And more importantly, getting the defamation case dismissed. Which as far as we can tell is an inevitability if Trump is removed as the defendant and replaced by the United States.

Without wading too much further into complex legal waters, it also strikes us that Trump’s main argument here is as an employee of the federal government, he’s entitled to the protections offered to any employee of the federal government when acting in an official capacity.

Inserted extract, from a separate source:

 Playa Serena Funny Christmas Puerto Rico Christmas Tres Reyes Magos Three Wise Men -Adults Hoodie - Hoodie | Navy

Since he called his accuser a “liar” while he was acting in his official capacity as President.

But so much of Trump’s naked corruption of federal law—including the Constitution sometimes—to suit his needs, is based on the express argument that Trump isn’t a government employee, and shouldn’t be treated as such by the Justice Department or the courts, because he actually is the full, unitary embodiment of the Executive Branch. In fact, a memo describing that theory is how Attorney General Bill Barr caught Trump’s eye and got himself hired.

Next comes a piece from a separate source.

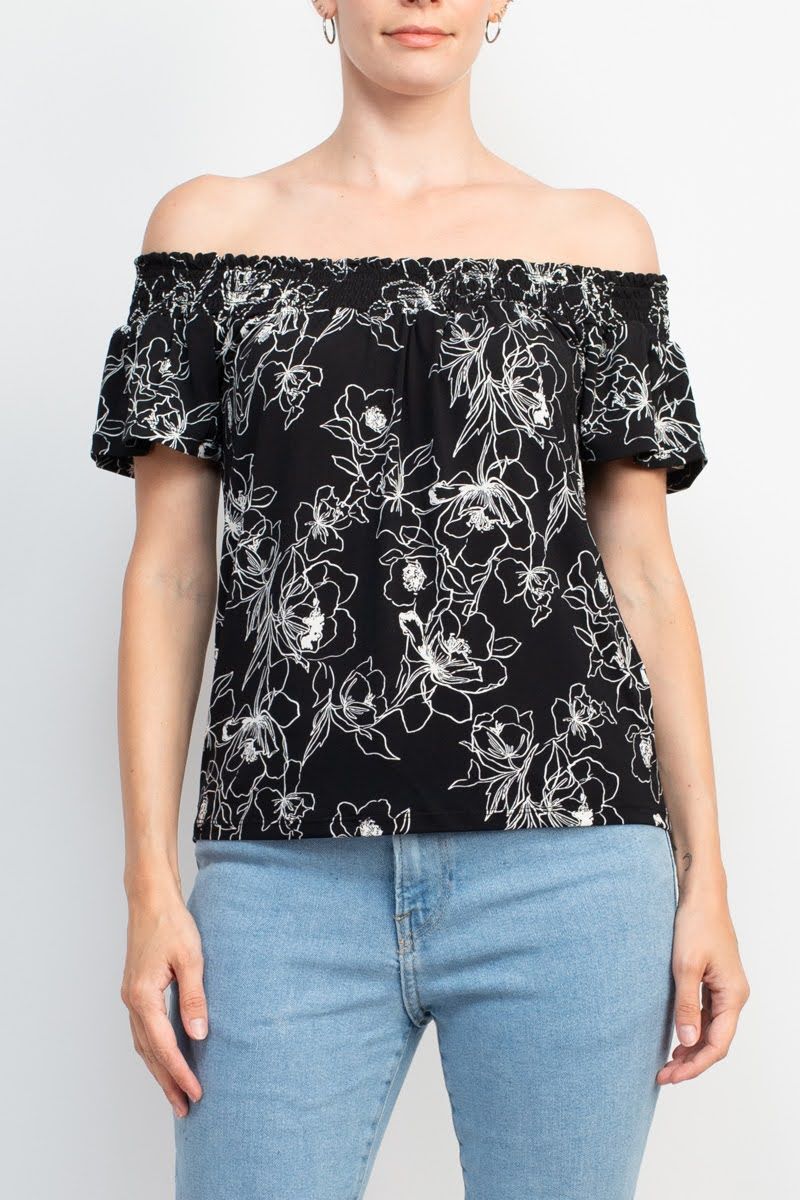 Carmen Marc Valvo 2 Way Shoulder Top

But will even this latest and plain egregious example of corruption change anyone’s mind about voting for Trump? Or is Biden still the dangerous one? Or rather, the shadowy people lurking behind Biden? Like Kamala Harris of whom Trump said at a rally Tuesday: “She could never be the first woman President. She could never be. That would be an insult to our country”? Or maybe Trump’s continuous exploitation of legal loopholes will be taken as signs he’s really clever? Then again, this all resurfaces the original rape accusation; although it hasn’t seemed to hurt him yet, might it now?